DIRECTIONS FOR THIS TASK = Once the line holding "Lisbon Jigsaw Puzzles" is found, output it and all remaining lines of the data exactly, with every picture left out.

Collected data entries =
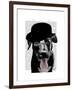 Black Labrador in Bowler Hat-Fab Funky-Framed Art Print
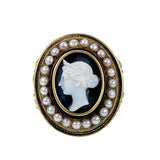 Antique 14K, Pearl & Carved Cameo Conversion Ring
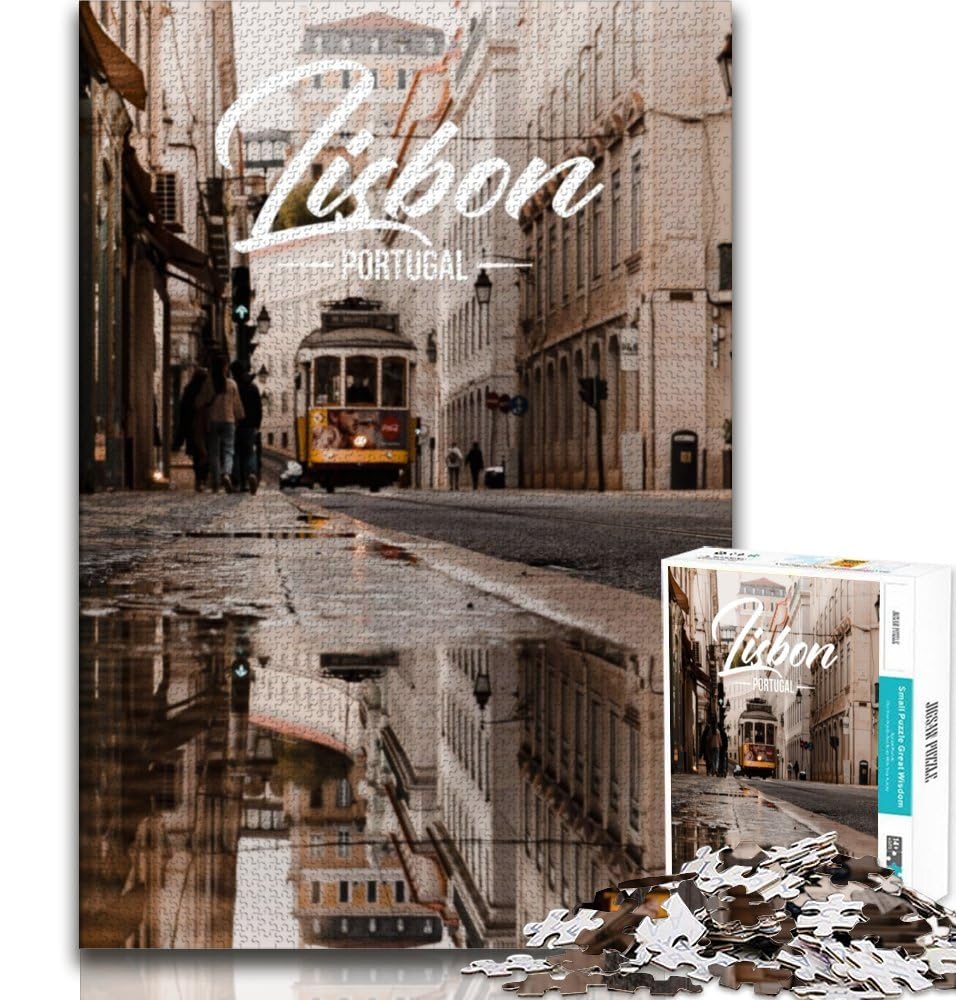 Lisbon Jigsaw Puzzles for Adults,Challenging Game And Family Play with Fully Interlocking Randomly Shaped Pieces 38x26cm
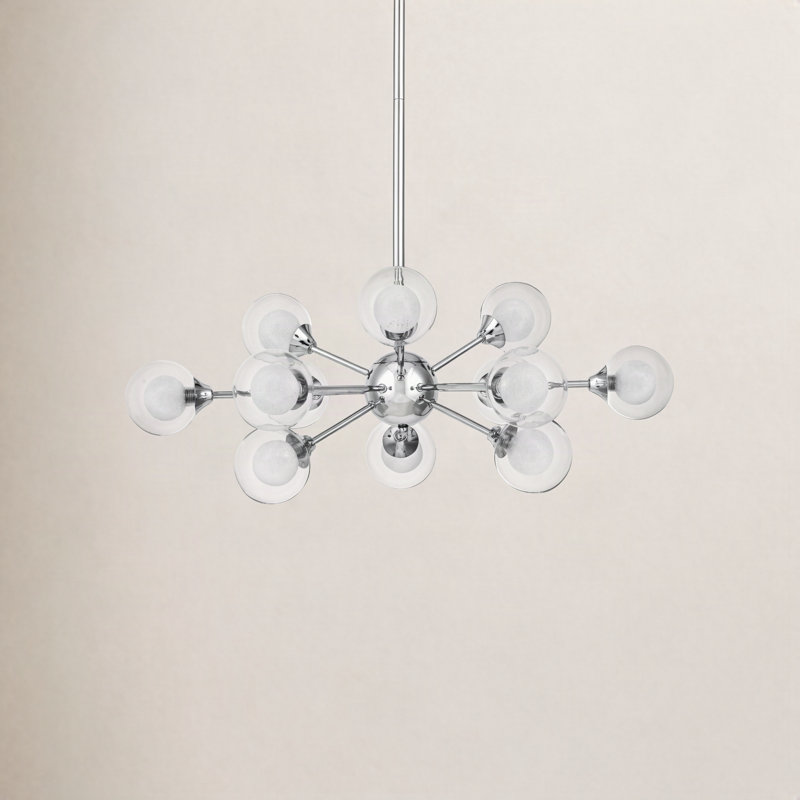 Optimist Dimmable Sputnik Sphere Chandelier, 11" H x 29" W x 29" D, Polished Chrome, 12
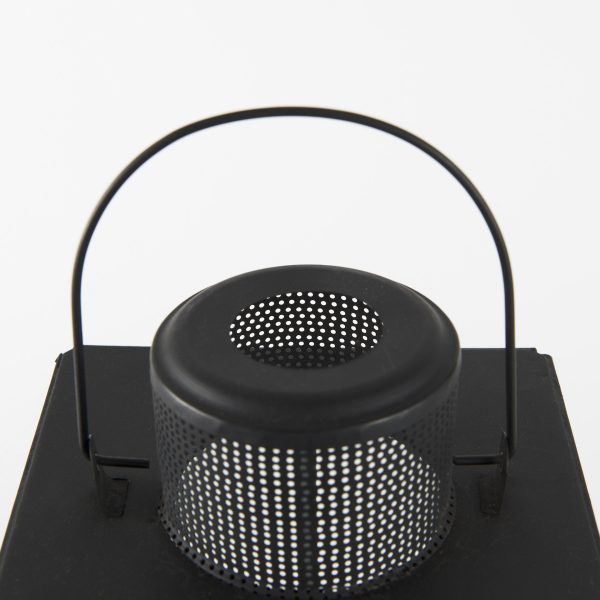 Gamfield 6.1L x 6.1W x 16.7H Large Black Metal and Glass Lantern 8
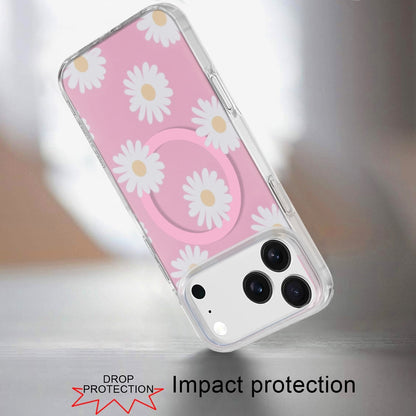 For Apple iPhone 17 Pro Max Stylish Pattern Fashion IMD Printed Design TPU Double Layer Slim Shockproof with Magnetic Back Case Cover Daisy Aster Flower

EXERCISE ANSWER =
 Lisbon Jigsaw Puzzles for Adults,Challenging Game And Family Play with Fully Interlocking Randomly Shaped Pieces 38x26cm
 Optimist Dimmable Sputnik Sphere Chandelier, 11" H x 29" W x 29" D, Polished Chrome, 12
 Gamfield 6.1L x 6.1W x 16.7H Large Black Metal and Glass Lantern 8
 For Apple iPhone 17 Pro Max Stylish Pattern Fashion IMD Printed Design TPU Double Layer Slim Shockproof with Magnetic Back Case Cover Daisy Aster Flower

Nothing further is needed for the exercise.